#### [What this task involves]
Please state how many lines in the records below contain the word "Hotel"; the answer should be a number and nothing else.

Scraped caption text data
------------------------
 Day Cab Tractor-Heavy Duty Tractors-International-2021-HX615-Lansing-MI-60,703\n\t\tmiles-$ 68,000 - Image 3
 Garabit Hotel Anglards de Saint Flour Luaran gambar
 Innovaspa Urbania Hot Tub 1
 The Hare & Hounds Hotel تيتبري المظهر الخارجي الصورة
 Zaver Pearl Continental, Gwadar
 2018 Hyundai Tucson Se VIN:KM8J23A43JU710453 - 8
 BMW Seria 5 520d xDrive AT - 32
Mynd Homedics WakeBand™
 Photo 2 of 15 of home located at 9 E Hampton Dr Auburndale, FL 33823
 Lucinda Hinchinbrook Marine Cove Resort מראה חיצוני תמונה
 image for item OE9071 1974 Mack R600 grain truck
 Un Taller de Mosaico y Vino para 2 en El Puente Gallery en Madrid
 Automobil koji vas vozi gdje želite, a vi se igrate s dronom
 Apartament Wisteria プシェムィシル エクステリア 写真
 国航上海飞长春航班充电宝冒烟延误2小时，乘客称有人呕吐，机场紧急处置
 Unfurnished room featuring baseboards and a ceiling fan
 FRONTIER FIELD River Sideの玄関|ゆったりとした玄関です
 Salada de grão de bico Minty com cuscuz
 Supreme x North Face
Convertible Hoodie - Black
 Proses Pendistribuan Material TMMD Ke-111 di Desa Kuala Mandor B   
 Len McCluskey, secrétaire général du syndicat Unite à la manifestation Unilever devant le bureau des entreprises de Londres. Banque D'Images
------------------------
#### [Exercise solution]
2